Self-deprecating code
Loosely Typed in Ohio

War Rooms

InfoQ ran an Agile article today about project war-rooms. Their post is pretty useless, but it does reference an interesting Science Daily bit about teams working in a shared space. The conclusion is that teams will be up to twice as productive in a war-room style environment.

This isn’t new information. Anyone who’s worked in a startup will tell you that productivity skyrockets when you’re all in a shared space. Paul Graham will tell you that you should start your endeavors in an apartment as opposed to an office building, which is the epitome of this ideal. It’s obvious: if you put people who are all passionate about a project in close proximity to each other, they’ll all benefit. Right?

Well, not necessily.

Your team will benefit from a team-room if and only if they want that environment.
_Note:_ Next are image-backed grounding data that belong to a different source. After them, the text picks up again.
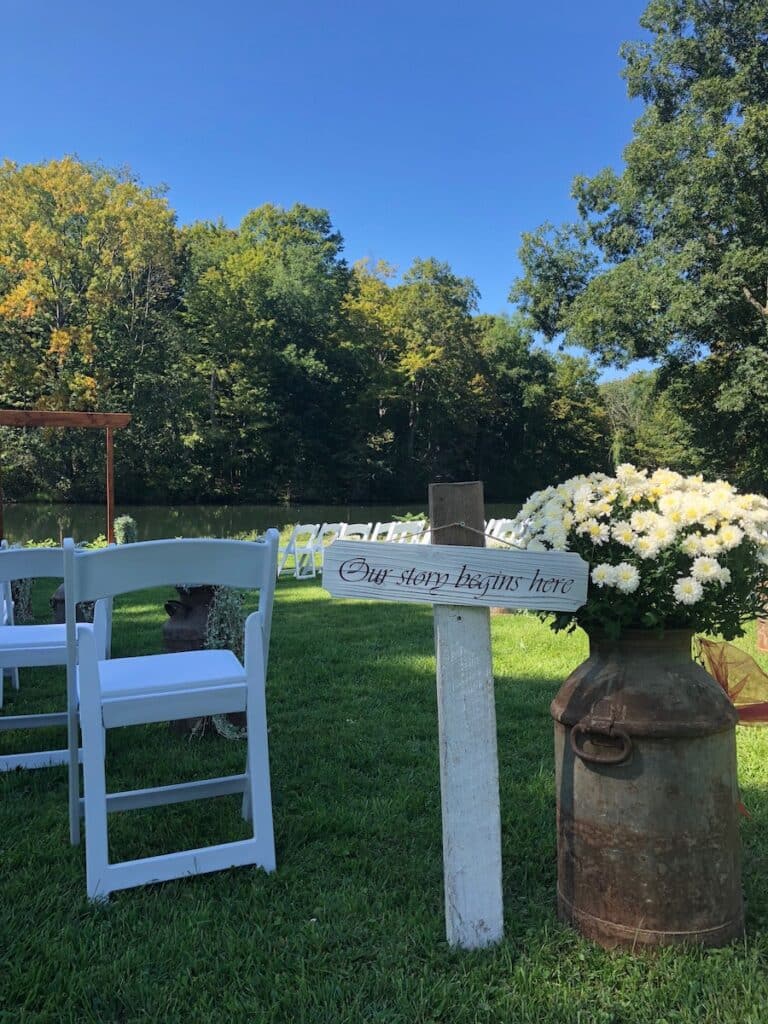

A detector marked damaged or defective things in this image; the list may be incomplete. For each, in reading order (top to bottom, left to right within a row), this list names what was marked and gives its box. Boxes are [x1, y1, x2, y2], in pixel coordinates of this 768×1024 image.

rusty milk can [552, 626, 745, 946]
rusted metal surface [552, 626, 745, 946] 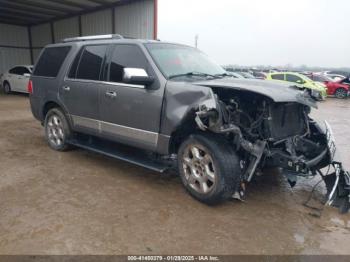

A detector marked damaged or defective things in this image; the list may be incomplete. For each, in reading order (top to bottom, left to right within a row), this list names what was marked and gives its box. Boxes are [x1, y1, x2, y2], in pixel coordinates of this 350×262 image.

crumpled hood [193, 77, 318, 108]
damaged front end [194, 89, 350, 214] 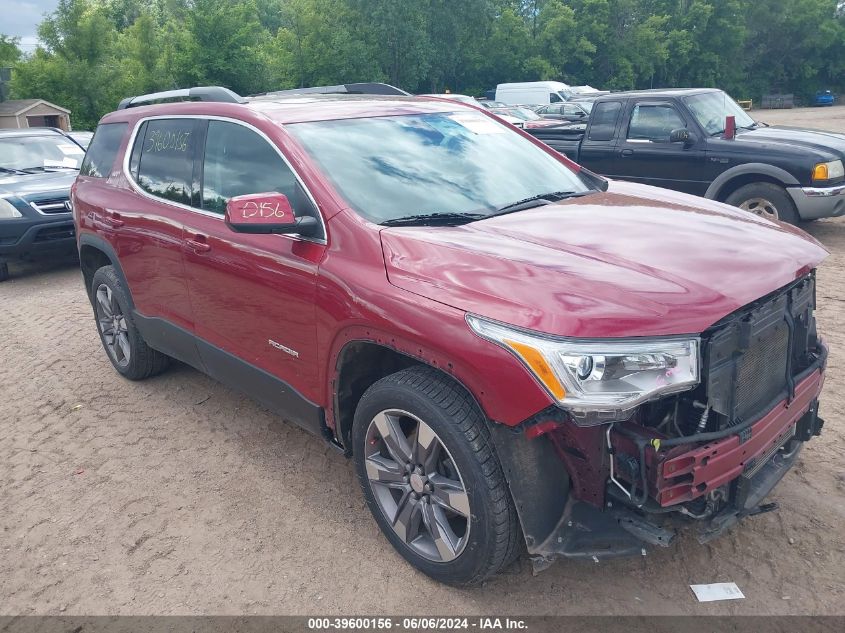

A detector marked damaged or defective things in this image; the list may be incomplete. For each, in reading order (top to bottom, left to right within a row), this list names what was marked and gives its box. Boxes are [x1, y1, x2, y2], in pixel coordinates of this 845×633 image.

damaged red suv [71, 84, 824, 584]
broken headlight assembly [468, 314, 700, 428]
damaged hood [380, 179, 828, 336]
The inverse of the previous example holds, too: if you put people who aren’t passionate about a project together in close proximity, they’ll do no better than before at best. At worst, they’ll actually lose productivity. It’s happened before, in fact: id software started in a small lakehouse in Louisiana, and they churned out arguably the best games of the early 90s. One day, I think during the Quake project, John Carmack actually stood up, grabbed his NeXTCube, and walked out of their shared space, claiming he could get more work done at home. (It’s in the book Masters of Doom.)

Take a look at your team and how well you all work together. Sometimes your team will lend itself naturally to working in a war-room. Sometimes you’ll figure out that you’ll all get more done in your own spaces. In fact, I think that on a few of Innova’s projects a shared space for team-members would have worked wonders — but I’m not willing to give up my semi-private half-office for those benefits.